The book is well written, easy to read, and interesting, which is no small feat considering the subject matter. The authors have taken considerable steps to make this textbook user-friendly to their intended audience, environmental engineers. … The authors, both recognized experts in civil and sanitary engineering, provide data and problems in each chapter that use relevant and realistic examples to teach the concepts of each chapter. … [U]seful and well written … [the book] contains exercises based on the types of real-world problems that environmental engineers face on a daily basis.
- Environmental Practice, Vol. 6, No. 4, Dec. 2004
The second edition of this bestseller serves as an ideal textbook for students and a valuable reference for environmental scientists and engineers. Written in an easy-to-understand style, Statistics for Environmental Engineers, Second Edition consists of 54 short, "stand-alone" chapters. All chapters address a particular environmental problem or statistical technique and are written in a manner that permits each chapter to be studied independently and in any order. Chapters are organized around specific case studies, beginning with brief discussions of the appropriate methodologies, followed by analysis of the case study examples, and ending with comments on the strengths and weaknesses of the approaches.
The book is not about the environmental systems, except incidentally. It is about how to extract information from data and how informative data are generated in the first place. A selection of practical statistical methods is applied to the kinds of problems that we encountered in our work. We have not tried to discuss every statistical method that is useful for studying environmental data. To do so would mean including virtually all statistical methods, an obvious impossibility. Likewise, it is impossible to mention every environmental problem that can or should be investigated by statistical methods. Each reader, therefore, will find gaps in our coverage; when this happens, we hope that other authors have filled the gap.
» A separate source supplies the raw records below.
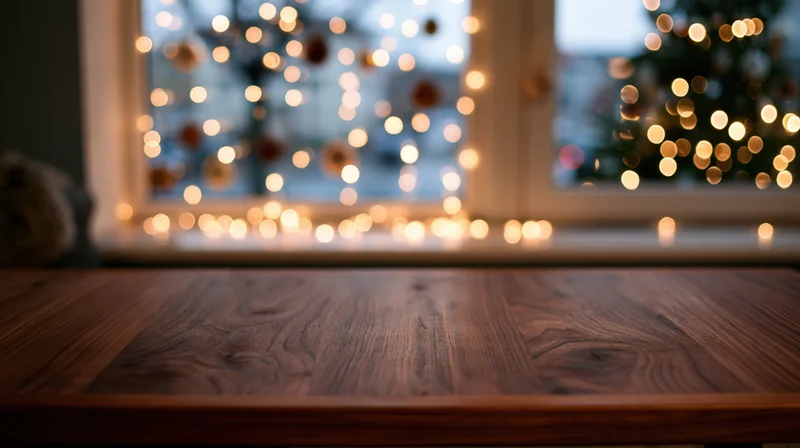 Wooden tabletop in front of a window with blurred christmas lights and holiday decor outside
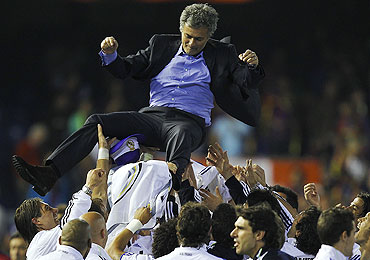 Real Madrid players celebrate with coach Jose Mourinho after winning the Copa del Rey final against Barcelona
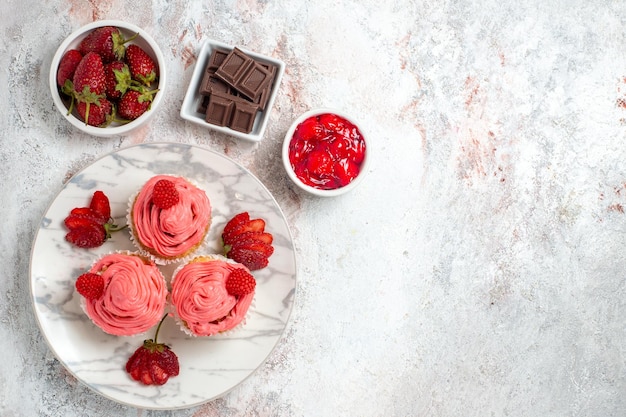 Top view of pink strawberry cakes with jam and chocolate bars on a white surface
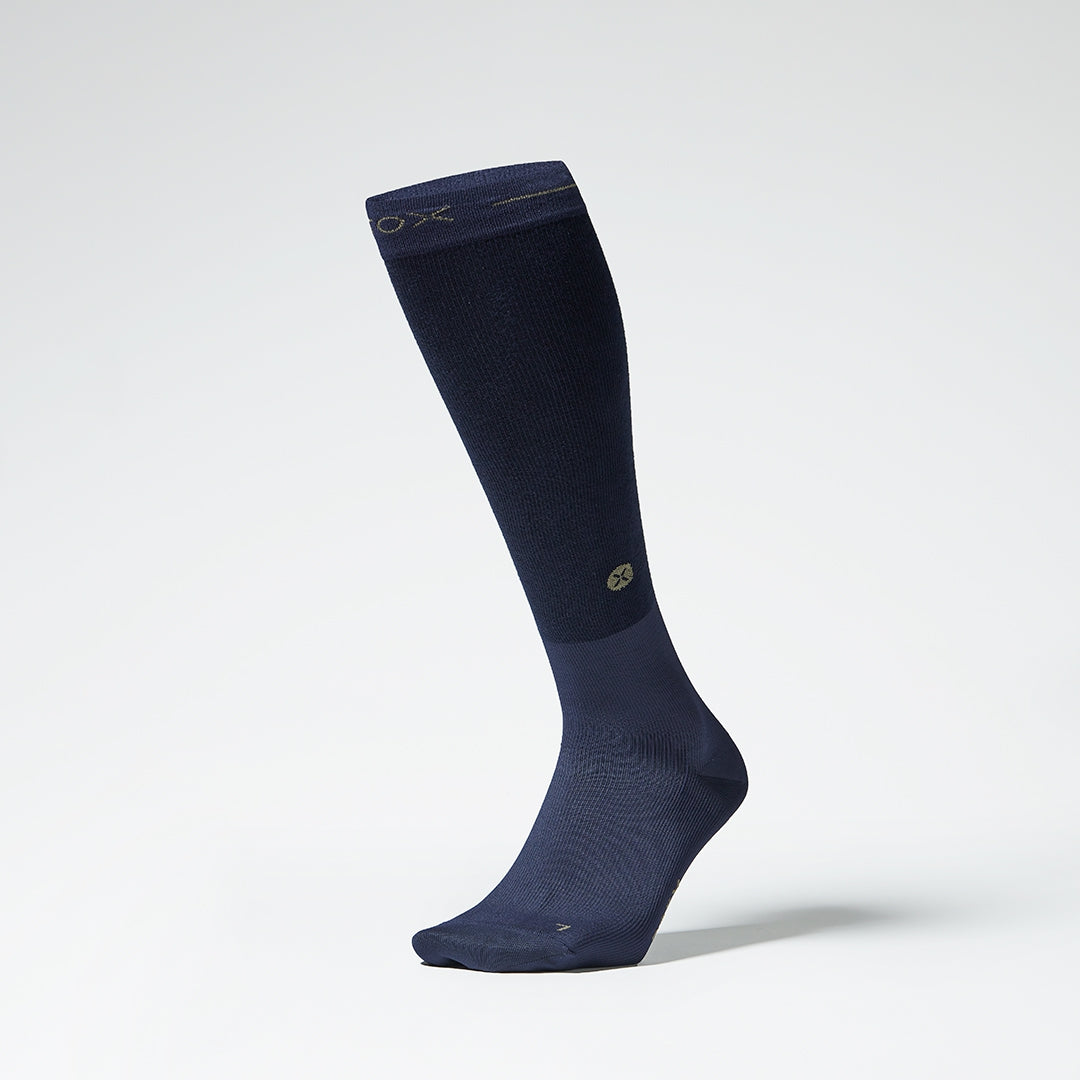 The front of a navy knee high compression sock.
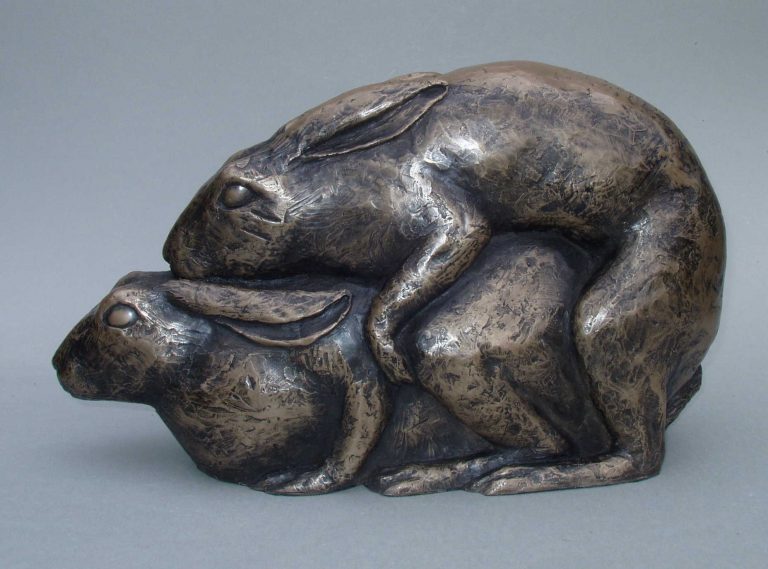 Sculpture of a pair of hares in resin bronze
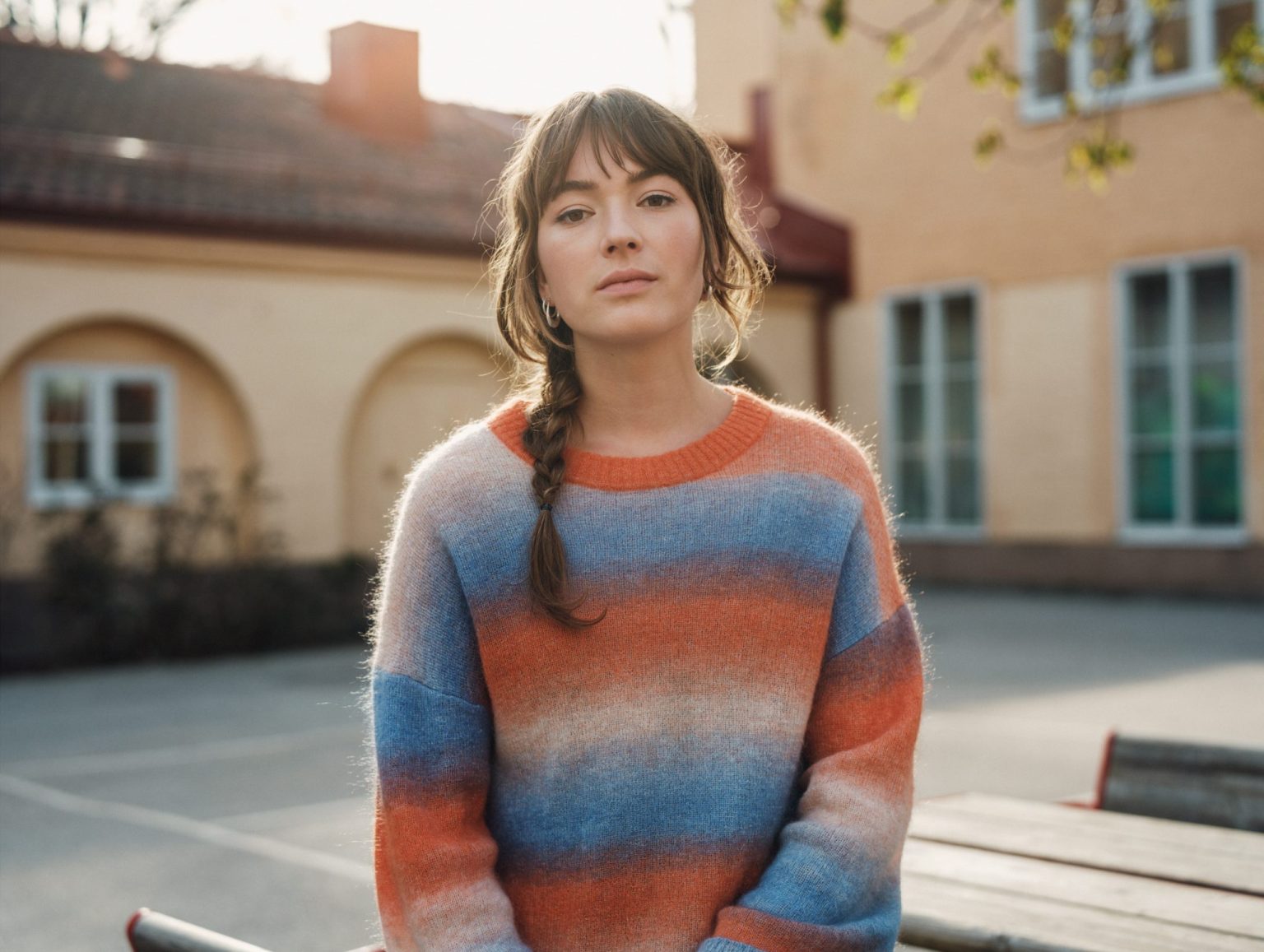 a woman in a sweater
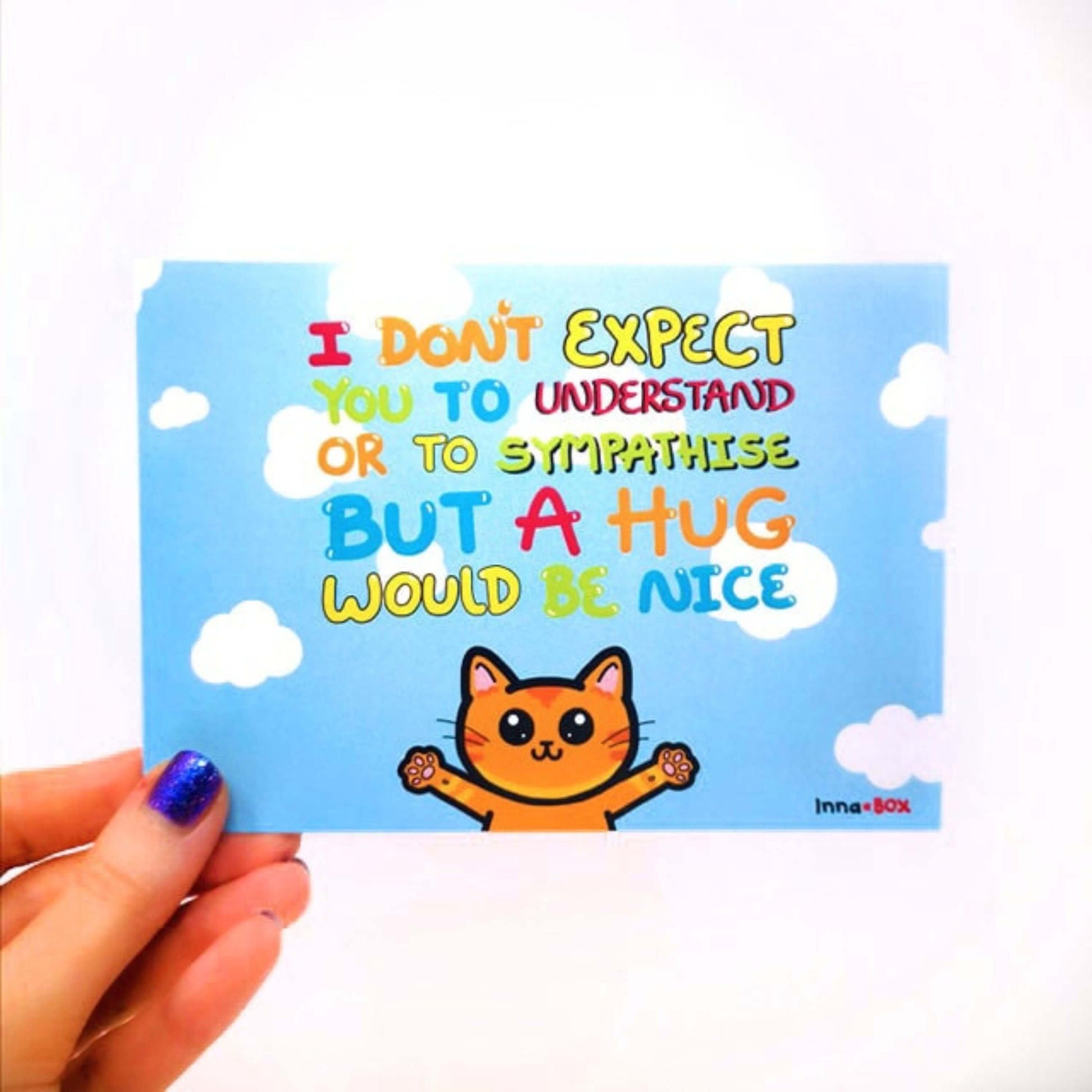 A Hug Would Be Nice - Cat Postcard held in front of a white background. The light blue postcard has rainbow bubble text saying 'I don't expect you to understand or to sympathise but a hug would be nice'. Underneath the writing is an illustration of a ginger cat with big eyes and smile with it's arms wide open. The hand drawn design is made to raise awareness for invisible and chronic illnesses.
Indeed, some topics have been omitted precisely because we know they are discussed in other well-known books.
It is important to encourage engineers to see statistics as a professional tool used in familiar examples that are similar to those faced in one’s own work. For most of the examples in this book, the environmental engineer will have a good idea how the test specimens were collected and how the measurements were made. The data thus have a special relevance and reality that should make it easier to understand special features of the data and the potential problems associated with the data analysis.
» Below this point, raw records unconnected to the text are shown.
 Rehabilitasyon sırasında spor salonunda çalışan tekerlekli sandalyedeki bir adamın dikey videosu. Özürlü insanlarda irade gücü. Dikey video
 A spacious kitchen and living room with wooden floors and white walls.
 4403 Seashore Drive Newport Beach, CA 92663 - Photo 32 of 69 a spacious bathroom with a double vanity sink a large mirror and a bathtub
The book is organized into short chapters. The goal was for each chapter to stand alone so one need not study the book from front to back, or in any other particular order. Total independence of one chapter from another is not always possible, but the reader is encouraged to “dip in” where the subject of the case study or the statistical method stimulates interest. For example, an engineer whose current interest is fitting a kinetic model to some data can get some useful ideas from Chapter 25 without first reading the preceding 24 chapters. To most readers, Chapter 25 is not conceptually more difficult than Chapter 12. Chapter 40 can be understood without knowing anything about t-tests, confidence intervals, regression, or analysis of variance.